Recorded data
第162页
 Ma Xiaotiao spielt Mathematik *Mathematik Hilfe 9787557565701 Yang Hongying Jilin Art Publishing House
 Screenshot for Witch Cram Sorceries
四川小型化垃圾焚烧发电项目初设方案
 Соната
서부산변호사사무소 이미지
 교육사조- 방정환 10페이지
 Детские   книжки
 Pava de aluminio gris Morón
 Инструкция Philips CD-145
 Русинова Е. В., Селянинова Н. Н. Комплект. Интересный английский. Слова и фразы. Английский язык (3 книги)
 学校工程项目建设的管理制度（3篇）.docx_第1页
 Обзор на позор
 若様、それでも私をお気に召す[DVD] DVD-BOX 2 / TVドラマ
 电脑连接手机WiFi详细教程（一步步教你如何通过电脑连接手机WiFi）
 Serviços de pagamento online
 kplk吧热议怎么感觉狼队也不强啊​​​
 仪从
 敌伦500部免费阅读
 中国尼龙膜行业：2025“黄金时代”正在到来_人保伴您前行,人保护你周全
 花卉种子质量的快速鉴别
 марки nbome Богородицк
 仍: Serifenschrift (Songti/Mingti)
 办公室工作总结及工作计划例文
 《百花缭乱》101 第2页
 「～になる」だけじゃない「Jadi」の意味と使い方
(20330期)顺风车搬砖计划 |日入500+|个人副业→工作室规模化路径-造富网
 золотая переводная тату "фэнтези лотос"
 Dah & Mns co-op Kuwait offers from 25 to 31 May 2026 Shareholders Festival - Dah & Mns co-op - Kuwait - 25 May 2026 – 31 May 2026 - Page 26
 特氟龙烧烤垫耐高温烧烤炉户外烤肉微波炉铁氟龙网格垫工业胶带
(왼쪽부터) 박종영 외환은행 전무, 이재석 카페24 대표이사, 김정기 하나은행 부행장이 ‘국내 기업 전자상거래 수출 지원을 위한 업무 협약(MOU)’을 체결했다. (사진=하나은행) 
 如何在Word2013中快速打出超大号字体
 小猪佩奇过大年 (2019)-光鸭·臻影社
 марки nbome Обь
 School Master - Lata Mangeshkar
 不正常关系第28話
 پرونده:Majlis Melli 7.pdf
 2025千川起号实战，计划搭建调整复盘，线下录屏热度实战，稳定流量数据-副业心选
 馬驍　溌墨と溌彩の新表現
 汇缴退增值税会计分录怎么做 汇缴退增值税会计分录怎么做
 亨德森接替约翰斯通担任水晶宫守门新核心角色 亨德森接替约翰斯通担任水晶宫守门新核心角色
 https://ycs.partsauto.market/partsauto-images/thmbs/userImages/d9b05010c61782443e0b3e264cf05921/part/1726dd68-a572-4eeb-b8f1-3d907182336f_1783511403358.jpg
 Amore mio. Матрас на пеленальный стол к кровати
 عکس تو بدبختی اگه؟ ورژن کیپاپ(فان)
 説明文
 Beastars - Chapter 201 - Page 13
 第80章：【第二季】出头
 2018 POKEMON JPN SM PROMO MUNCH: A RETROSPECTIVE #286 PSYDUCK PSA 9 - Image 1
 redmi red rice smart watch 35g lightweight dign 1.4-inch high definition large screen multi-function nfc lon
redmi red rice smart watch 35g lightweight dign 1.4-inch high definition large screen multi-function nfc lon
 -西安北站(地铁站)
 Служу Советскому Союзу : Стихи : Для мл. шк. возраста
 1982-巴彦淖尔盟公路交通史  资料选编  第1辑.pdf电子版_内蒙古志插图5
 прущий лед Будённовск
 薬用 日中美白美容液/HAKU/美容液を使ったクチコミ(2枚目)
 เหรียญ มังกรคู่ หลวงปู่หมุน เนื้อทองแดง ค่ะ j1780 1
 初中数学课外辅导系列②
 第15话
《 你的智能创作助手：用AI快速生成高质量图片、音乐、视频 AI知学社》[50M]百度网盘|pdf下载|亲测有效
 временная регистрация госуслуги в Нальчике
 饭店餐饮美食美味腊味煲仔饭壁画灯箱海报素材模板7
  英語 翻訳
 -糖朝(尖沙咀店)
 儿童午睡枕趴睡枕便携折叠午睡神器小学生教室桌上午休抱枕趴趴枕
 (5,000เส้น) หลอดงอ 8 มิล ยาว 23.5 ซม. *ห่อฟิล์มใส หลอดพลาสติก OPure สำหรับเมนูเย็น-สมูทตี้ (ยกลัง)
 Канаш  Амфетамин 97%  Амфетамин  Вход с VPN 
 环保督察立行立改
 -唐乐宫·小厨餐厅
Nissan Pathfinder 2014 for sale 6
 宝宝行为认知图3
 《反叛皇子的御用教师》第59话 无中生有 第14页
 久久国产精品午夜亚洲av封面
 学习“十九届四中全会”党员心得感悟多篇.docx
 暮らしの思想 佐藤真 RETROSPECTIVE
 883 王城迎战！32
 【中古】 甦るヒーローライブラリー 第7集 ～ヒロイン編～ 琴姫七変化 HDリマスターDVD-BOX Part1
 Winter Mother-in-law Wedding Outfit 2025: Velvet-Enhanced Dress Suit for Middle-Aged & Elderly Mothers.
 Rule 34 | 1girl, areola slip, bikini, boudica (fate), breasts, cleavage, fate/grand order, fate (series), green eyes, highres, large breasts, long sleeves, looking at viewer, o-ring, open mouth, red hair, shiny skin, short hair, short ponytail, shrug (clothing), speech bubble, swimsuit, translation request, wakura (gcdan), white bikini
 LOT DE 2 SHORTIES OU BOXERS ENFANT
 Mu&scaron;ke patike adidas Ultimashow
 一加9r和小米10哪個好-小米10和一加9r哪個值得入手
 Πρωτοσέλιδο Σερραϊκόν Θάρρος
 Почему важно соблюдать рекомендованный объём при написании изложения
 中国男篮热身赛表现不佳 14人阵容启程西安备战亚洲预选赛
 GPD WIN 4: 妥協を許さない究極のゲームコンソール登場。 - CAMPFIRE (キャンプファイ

#### Task description:
What is the number of lines in the entries above that hold the string "smart"? Please state that number alone.

#### Solved exercise:
2